Our time aboard was everything you would hope for in a boat ride. Dodds and Heidenreich offered interesting history lessons and trivia of the area, while Hammerman and myself struggled to explain American politics. Breaking from conversation to snap photos, Dodds opened the sunroof at the push of a button and suggested I try standing on the helm seat to get some shots from above the roof.

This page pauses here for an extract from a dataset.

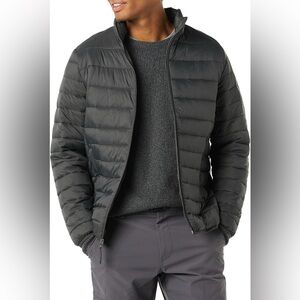Amazon Essentials Packable Puffer Jacket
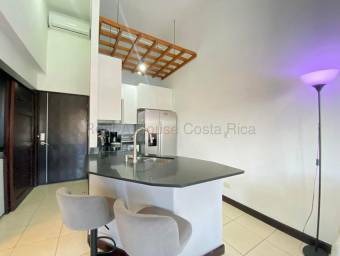 Se alquila apartamento en Santa Ana San José 27-174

Not a bad idea, I thought. I hoped up, pointed my lens forward and began to focus on the Sydney skyline. That’s when the aforementioned 25-knot wind grabbed ahold of my trusty PMY hat and launched it like a Mark McGuire home run into the choppy water far astern. “Yup, I deserve that,” I said aloud as I sunk into the helm seat in defeat. You see, I have an uncanny ability to lose hats. “There goes another one.”
Let it never be said Aussies back away from a challenge. Dodds pivoted the boat’s Volvo Pod drives and chased down the semi-submerged spec on the harbor. A testament to Dodds’ boat handling and the nimbleness of the boat’s propulsion system, he ended up backing the 53-footer right onto the hat. I would scoop it up with a boat hook and we’d all enjoy the unnecessarily excessive celebration.
Having worked up an appetite from our at-sea rescue, we pulled up to the Sydney Fish Market in order to secure a few orders of fish and chips. Jumping from the immaculate yacht to the dock attracted a lot of attention; we all felt like celebrities. Or maybe they were just wondering why I was wearing a soaking wet wet, ahh, I digress.
We’d conclude our harbor tour with those warm baskets of fish and chips and a frosty cold Australian beer. By the end of the afternoon we’d been laughing and swapping stories like old friends, thus proving that a love of boats and being on the water is something that—regardless on what continent you call home—can bring anyone together.